What I've always hoped for is a solution (via Akubra or whatever) that
uses content model declarations to say "if the object is a preservation
master, store it in that (slow?) mapped storage over there; if it is a
delivery surrogate, store it in this (fast?) storage here; if it's a pdf
for an ETD put it somewhere else" etc - with all the different stores
mapped as managed data.
I'm with Adam - coping with external storage, we did it in our first
solution which was all external, is definitely a pain to be avoided
where possible; our version 2 is all managed but our biggest file
currently is about 600MB. External storage works just fine, it's the
workflow code you have to maintain to move the files around and keep
things synchronised that's the issue.
Richard
___________________________________________________________________
Richard Green
Consultant to Library & Learning Innovation, University of Hull
managing the Hydra in Hull and Hydra (Hull) Projects
http://hydra.hull.ac.uk
http://projecthydra.org
From: Aaron Collie [mailto:w.a.col...@gmail.com]
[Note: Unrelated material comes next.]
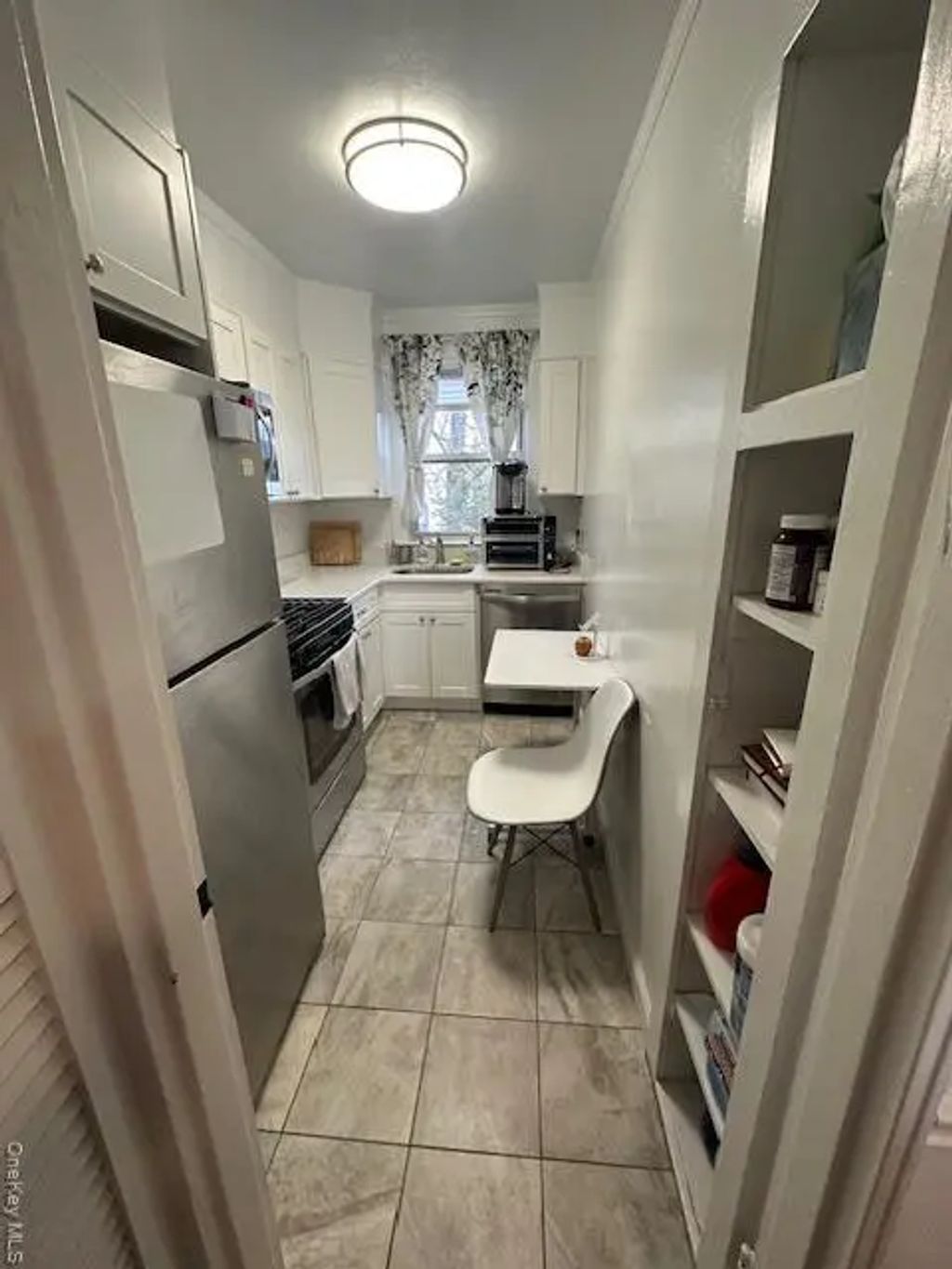 14 Stokes Road # 2b, Yonkers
Sent: 06 March 2013 4:26 PM
To: Support and info exchange list for Fedora users.
Subject: Re: [fcrepo-user] Managed vs. External Storage
There was another discussion on this list (I believe) about E vs M
storage regarding large files like preservation masters. It made me
wonder how many people are actually managing preservation masters in
Fedora Commons (vs simply managing derivative dissemination files). The
files I am looking at (for example) are 800MB TIFF images (e.g. full
color newspaper scans, maps). We are still developing our solution, but
it involves internally managing the serving files and externally
managing/referencing the preservation masters.
I would love to hear more use cases for this type of application.
Specifically, how people are managing preservation masters--which are
really kind of our bread and butter as digital preservation-minded
people. Maybe I am overlooking something?
-Aaron
On Wed, Mar 6, 2013 at 9:56 AM, aj...@virginia.edu <aj...@virginia.edu>
wrote:
The limits on upload depend radically on your network design. Uploading
from a single node to itself, the limits may be in the several GBs.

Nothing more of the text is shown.